Short-selling involves traders borrowing shares and immediately selling them before buying them back at a lower price when their value falls.

Although advocates of the practice say that it leads to more accurate share pricing, it can also fuel speculation and undermine public confidence in markets.

In a ruling on Wednesday (22 January), the ECJ dismissed "in its entirety" four complaints by the UK government, finding that the regulation was "precisely delineated and amenable to judicial review" and conformed with the EU treaty.

It pointed out that the legislation requires ESMA to inform national regulators before it takes decisions and review them every three months.

But the ruling comes as a surprise.

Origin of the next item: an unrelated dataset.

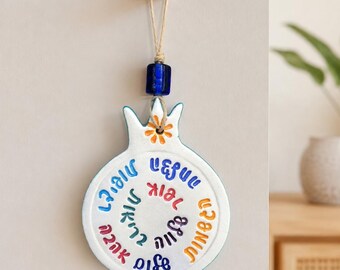 Granatapfel Wandbehang, handgetöpferter Granatapfel, hebräischer Segen, Haus-Judaica Geschenk, jüdischer Segen des Friedens, Gesundheit
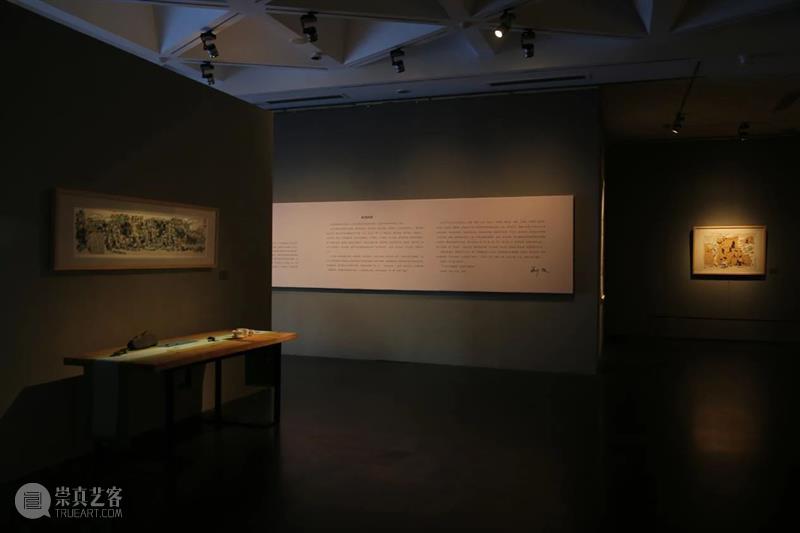 “武夷问茶——刘牧彩墨作品展”于12月4日在北京画院美术馆开展  北京画院 北京画院美术馆 刘牧 武夷问茶 彩墨 作品展 艺术 工作室 北京尚书艺坊文化艺术有限公司 乐亭 茶艺 崇真艺客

Less than four months ago, an opinion by the Court's advocate-general Niilo Jaeaeskinen suggested that ESMA's powers "go beyond what could be legitimately adopted as a harmonising measure necessary for the establishment or functioning of the internal market."

Although such opinions are not binding on the court, they are rarely contradicted by its team of judges.

The ruling also overturns a legal mechanism that UK officials have relied on to prevent 'mission-creep' since joining the European Community in 1971.

Under the so-called 'Meroni' ruling of 1958, which originally applied to the European Coal and Steel Community, delegated powers from EU institutions to agencies could not involve political judgements because this would undermine the balance of power between EU institutions.

Contacted by this website, a government spokesman said that the UK was "disappointed" with the ruling.

"We've consistently said we want tough financial regulation that works but any powers conferred on EU agencies must be consistent with the EU Treaties and ensure legal certainty," he said.

"We will now consider the judgment in detail and respond, in full, at a later date."

The case is the first of a series of legal challenges that the UK, which has Europe's largest financial services sector, has launched against EU regulation.

In 2013, the UK joined with Luxembourg to oppose plans by eleven EU countries to set up a financial transactions tax. It is also challenging new rules to cap bank bonuses.